Our study has some limitations. For example, we have not addressed the complexities of IV analysis that may involve multiple instruments, multiple regressors, or effects of other measured confounders. The objective was limited to the bias correction in AT data using only center prescribing preference as the instrument. Also, the two-step regression modeling we used is less efficient that the standard adjustment methods used and will generally produce wider confidence intervals, as Figure 2 clearly shows.

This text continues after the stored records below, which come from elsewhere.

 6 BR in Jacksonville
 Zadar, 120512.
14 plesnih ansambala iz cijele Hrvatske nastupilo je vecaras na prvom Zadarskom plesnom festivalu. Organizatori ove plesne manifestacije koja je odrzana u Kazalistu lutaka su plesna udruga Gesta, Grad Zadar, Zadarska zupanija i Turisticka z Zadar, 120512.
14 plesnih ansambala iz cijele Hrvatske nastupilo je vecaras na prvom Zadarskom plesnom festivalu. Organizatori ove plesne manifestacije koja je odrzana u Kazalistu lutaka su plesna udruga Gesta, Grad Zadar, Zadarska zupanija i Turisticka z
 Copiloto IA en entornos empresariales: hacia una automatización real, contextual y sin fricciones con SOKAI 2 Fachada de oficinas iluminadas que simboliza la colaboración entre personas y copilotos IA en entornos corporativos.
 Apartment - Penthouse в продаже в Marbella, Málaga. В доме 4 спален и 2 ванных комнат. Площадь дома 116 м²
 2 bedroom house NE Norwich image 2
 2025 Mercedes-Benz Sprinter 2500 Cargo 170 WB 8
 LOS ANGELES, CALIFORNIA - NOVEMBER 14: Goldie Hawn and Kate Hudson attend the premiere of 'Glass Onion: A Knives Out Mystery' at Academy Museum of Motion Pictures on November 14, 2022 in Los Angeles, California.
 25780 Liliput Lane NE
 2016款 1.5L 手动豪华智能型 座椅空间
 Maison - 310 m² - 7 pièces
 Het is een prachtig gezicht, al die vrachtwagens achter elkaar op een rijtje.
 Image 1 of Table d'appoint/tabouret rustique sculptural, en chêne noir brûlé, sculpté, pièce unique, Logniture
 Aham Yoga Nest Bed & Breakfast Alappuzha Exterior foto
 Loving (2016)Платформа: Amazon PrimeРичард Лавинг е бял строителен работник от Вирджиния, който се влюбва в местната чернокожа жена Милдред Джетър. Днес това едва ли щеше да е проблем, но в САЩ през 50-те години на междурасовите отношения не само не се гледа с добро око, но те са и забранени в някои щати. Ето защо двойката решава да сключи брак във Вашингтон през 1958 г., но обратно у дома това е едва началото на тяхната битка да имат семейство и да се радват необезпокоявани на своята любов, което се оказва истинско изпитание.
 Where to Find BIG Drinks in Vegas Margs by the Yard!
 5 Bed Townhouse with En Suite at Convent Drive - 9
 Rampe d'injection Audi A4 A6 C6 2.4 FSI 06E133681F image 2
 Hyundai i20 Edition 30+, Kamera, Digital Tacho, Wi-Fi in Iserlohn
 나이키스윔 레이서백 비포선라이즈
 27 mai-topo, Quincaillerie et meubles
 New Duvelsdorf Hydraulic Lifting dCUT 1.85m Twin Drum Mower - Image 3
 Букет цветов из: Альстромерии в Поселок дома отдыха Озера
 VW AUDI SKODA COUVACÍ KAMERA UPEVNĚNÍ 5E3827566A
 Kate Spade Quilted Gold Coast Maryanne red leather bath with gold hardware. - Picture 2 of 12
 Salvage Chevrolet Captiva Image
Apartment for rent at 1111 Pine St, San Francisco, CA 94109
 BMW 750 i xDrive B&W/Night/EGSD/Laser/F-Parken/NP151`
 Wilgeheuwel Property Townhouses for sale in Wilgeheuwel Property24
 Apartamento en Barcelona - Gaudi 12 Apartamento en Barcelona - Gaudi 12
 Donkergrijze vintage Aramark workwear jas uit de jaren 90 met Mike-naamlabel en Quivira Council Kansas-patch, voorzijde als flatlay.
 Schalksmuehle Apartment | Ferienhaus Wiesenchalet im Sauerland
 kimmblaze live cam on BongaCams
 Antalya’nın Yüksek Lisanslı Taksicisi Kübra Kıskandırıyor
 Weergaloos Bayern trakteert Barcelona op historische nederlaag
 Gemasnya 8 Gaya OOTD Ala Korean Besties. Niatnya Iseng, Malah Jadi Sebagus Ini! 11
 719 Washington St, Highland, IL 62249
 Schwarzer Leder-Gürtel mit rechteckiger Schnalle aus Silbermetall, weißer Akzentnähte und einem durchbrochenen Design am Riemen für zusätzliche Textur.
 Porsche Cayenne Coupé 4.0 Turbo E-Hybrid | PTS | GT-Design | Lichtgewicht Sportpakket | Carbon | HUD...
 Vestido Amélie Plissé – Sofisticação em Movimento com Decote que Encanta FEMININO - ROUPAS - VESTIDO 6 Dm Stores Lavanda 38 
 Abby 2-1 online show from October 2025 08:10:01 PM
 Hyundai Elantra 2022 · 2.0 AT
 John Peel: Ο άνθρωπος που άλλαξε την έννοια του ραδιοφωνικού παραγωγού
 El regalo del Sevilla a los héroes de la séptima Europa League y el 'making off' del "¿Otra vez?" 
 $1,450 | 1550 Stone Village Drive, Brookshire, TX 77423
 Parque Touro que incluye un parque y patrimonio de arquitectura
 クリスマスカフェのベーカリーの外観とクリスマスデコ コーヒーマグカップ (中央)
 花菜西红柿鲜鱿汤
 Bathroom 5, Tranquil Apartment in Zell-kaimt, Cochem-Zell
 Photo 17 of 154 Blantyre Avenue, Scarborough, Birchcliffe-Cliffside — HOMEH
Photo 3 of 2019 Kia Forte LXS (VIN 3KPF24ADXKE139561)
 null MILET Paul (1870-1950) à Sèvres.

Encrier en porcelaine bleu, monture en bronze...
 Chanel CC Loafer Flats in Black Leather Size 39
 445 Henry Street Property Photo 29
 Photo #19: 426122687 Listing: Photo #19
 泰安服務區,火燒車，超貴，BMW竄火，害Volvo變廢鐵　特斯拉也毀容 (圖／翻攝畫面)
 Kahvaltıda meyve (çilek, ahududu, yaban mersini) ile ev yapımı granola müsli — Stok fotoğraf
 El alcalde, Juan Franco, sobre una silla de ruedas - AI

The key difficulty in conducting an IV analysis is finding and justifying a strong instrument, especially if the research questions revolve around multiple instruments and predictors. The assumptions of the existence of high level of correlation between the IV and the exposure, and zero correlation between the IV and the outcome must be justified. This is especially difficult for the latter as it is often impossible to do so on empirical grounds [27]. These issues need further exploration in the context of IPD MA.

Conclusion

Our findings demonstrate that IV analysis can be applied to IPD MA of randomized and observational data. We recommend that IV methods for confounding control should be considered when conducting a meta-analysis of randomized controlled trials or observational studies, regardless of whether the analysis is based on aggregate or individual patient data.